Wiktoria Bosc a su particulièrement sublimer la mutilation du corps après la
chirurgie, elle nous a rendu dans ses photos ce que nous avons un peu perdu de
notre féminité.
Il est vrai que le corps et l'esprit travaillent en symbiose et que lorsqu'une
cicatrice vient rompre cette harmonie, nous sommes profondément touchées
dans nos émotions. Une cicatrice sur notre poitrine est comme un coup de
couteau dans les testicules d'un homme, or, je ne trouve pas, pour mon compte,
particulièrement viril une marque à cet endroit-là.

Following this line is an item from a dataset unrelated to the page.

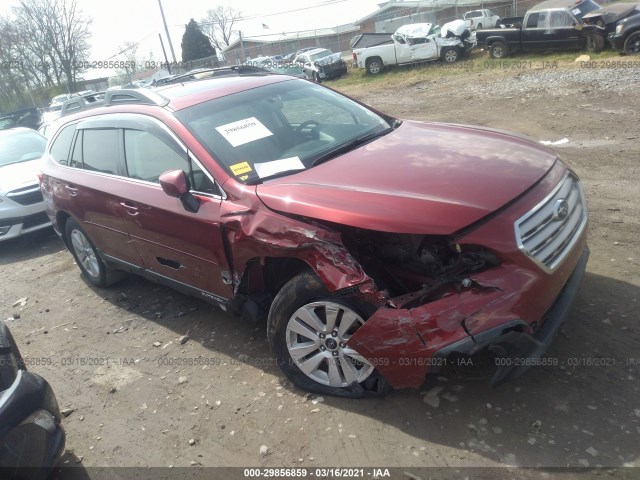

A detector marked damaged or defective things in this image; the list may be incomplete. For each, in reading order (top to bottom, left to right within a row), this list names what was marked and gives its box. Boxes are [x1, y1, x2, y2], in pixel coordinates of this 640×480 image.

crumpled hood [0, 160, 42, 192]
crumpled hood [258, 119, 556, 233]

Mais le sein est l'emblème féminin par excellence, il symbolise d'une part la
maternité et d'une autre il est l'arme de séduction qui traverse les siècles depuis
toujours. Cette double signification lui donne toute son importance et sa
distinction. Le côté fertile et le côté érotique sont une union parfaite pour
caractériser notre beauté et notre puissance et faire de notre sein une partie
fondamentale de notre corps mais aussi une arme de charme.
Beaucoup pourraient se demander comment un tel portrait narcissique peut
éclore d’une chair entaillée par le bistouri, à juste titre.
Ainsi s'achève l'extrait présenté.